In Poland, it used to be taboo to talk about former communist bosses and the special privileges they enjoy. Eighteen years after the fall of communism, the Polish government is taking steps to change that. From Polish Radio External Service, Joanna Najfeld reports.
Now the functionaries of the oppressive formations are about to be deprived of special privileges, including five times higher than average pensions that they now receive. They are also to be banned from public offices and their names are to be published for everyone to see.

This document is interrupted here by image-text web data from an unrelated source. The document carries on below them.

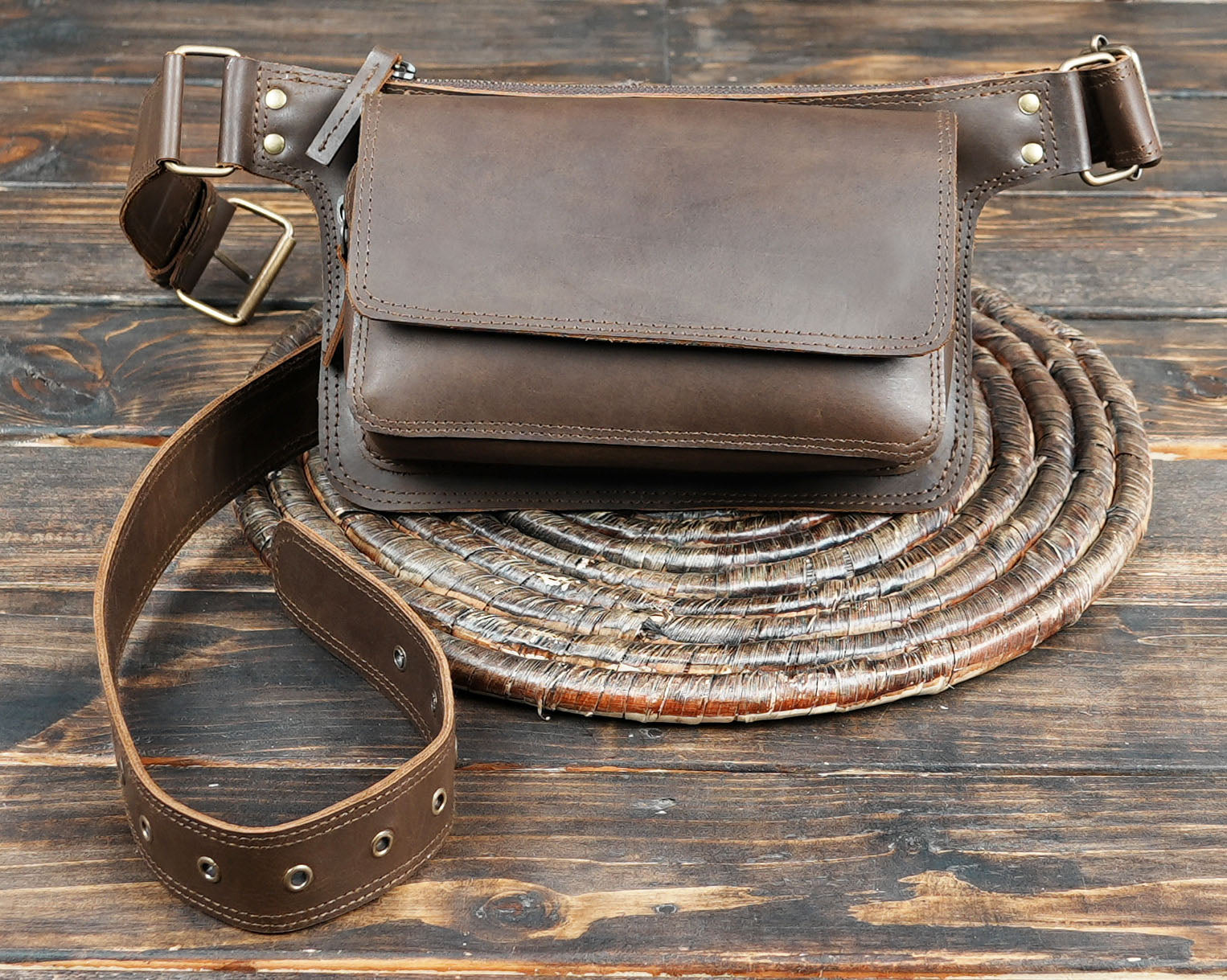 Handmade Leather Waist Bag With Adjustable Belt, Festival Fanny Pack, Leather Hip Bag, for Unisex.with creativity 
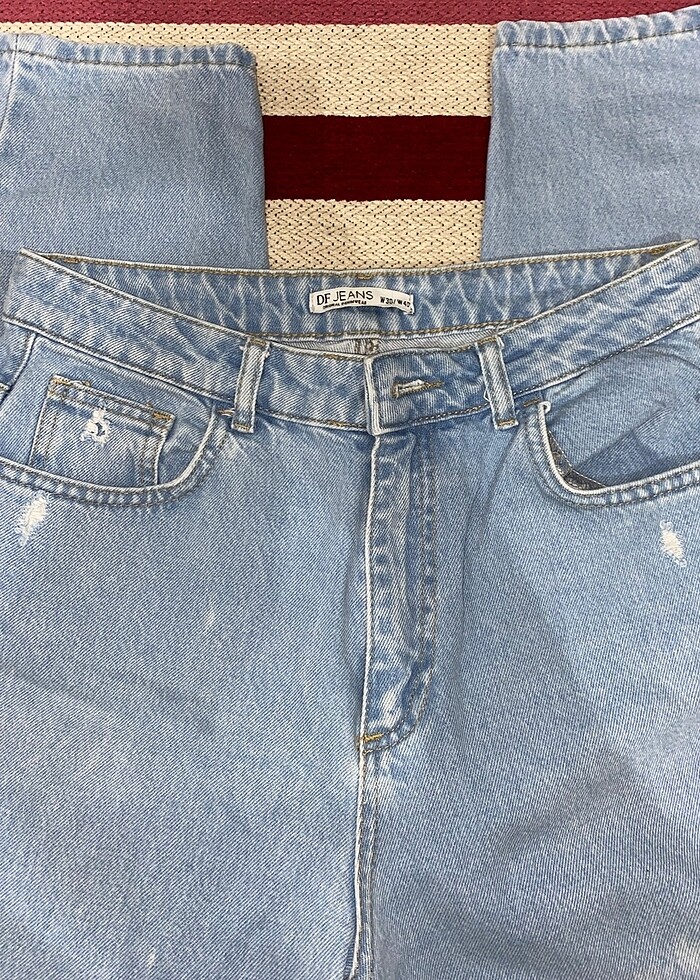 Buz mavisi yırtık desenli kot pantolon - Görsel 4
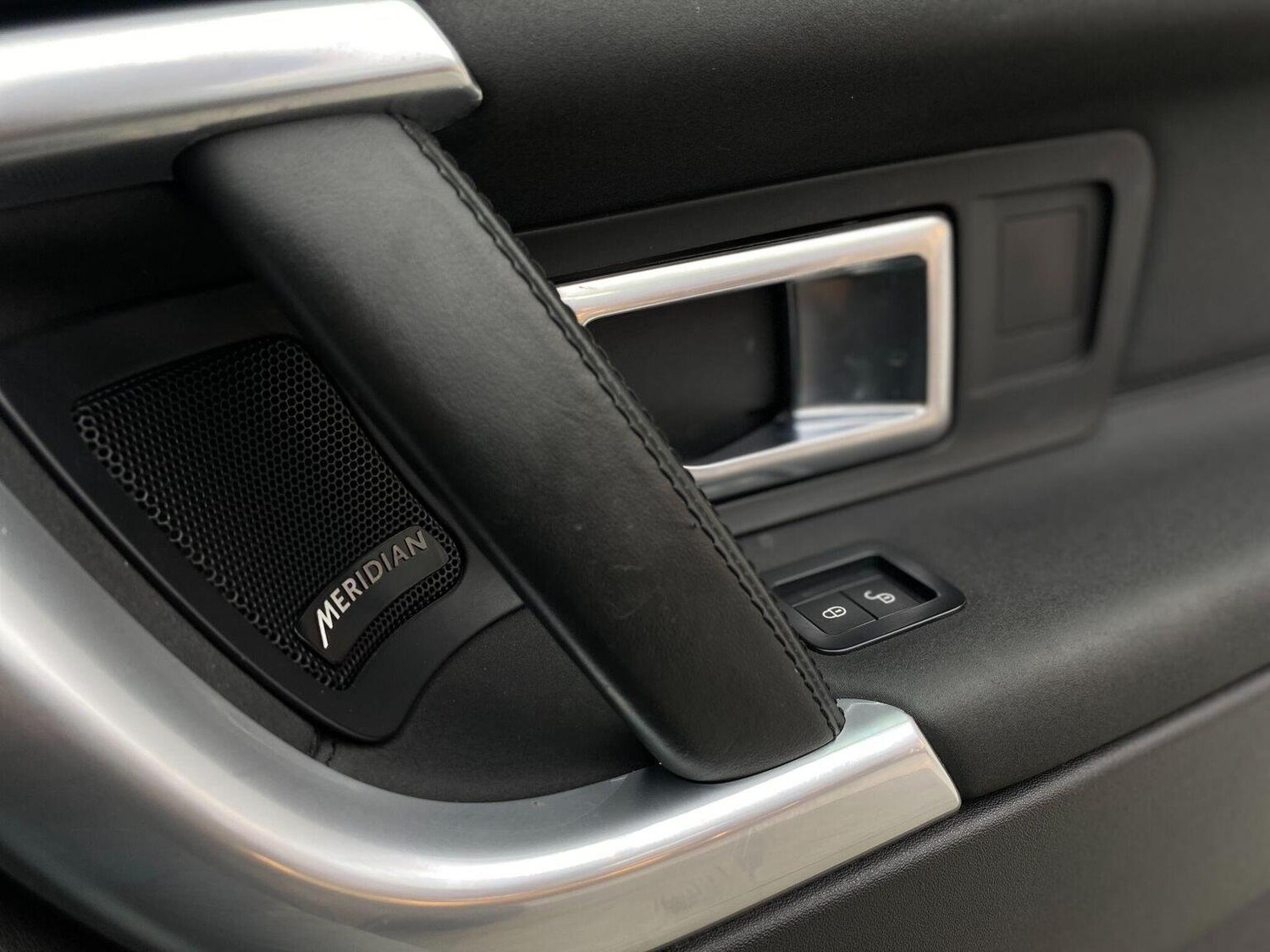 Used Land Rover Discovery Sport 2017 for sale - 76744162: Photo 39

Deputy head of the ruling Law and Justice party, Kazimierz Michał Ujazdowski explains the rationale behind the project:
“Simple moves based on the rules of justice such as banning these people from public offices, lowering their gigantic old age pensions to the level of the minimum pension in Poland - these steps are in full agreement with the constitutional order, because those people who were destroying society cannot now expect special privileges from the community.”
In June 1989, part of the opposition calling themselves 'democratic opposition' as opposed to the opposition which was openly anti-communist, reached an agreement with the communists, allowing them to retain their position and privileges in exchange for some power. That agreement went down in history as the round table deal. Opposition member Adam Michnik, today the influential Editor in Chief of the liberal daily "Gazeta Wyborcza" and Czesław Kiszczak, now a retired communist secret service general, represented the sides of the round table deal. Media pundit Rafał Ziemkiewicz who has written and commented extensively on the problem of communist influence on the present political situation in Poland, thinks it's high time to cut the ties that have hampered the public life since the controversial round table deal with the communists 18 years ago:
“The idea is good. There is no doubt that the connections between the communist secret services exist until this day. They have also had a very bad influence on the "Third Republic", that is the post-communist transformation period. We can now hear in the public debate that the basis for the "Third Republic" was a pact that guaranteed immunity to communists. That was what the symbolic pact between Czesław Kiszczak and Adam Michnik was about. The awareness of these facts in society is growing.”
Opponents of the project of taking away privileges for those responsible for communist time oppression include the post-communists themselves as well as the opposition Civil Platform politicians. They do not like the idea of collective responsibility and taking away pensions from old people. Media pundit Rafał Ziemkiewicz responds that the pensions are not taken, but lowered so that they are not several times higher than the average. He also thinks collective responsibility in this case is very much in place.
“We applied collective responsibility to members of the SS and other formations that were judged to be criminal. People who joined the Służba Bezpieczeństwa communist secret police knew very well what they would be required to do, they agreed to that and did that willingly.”
According to the project authors, if everything goes well, it might be implemented even in the first quarter of this year.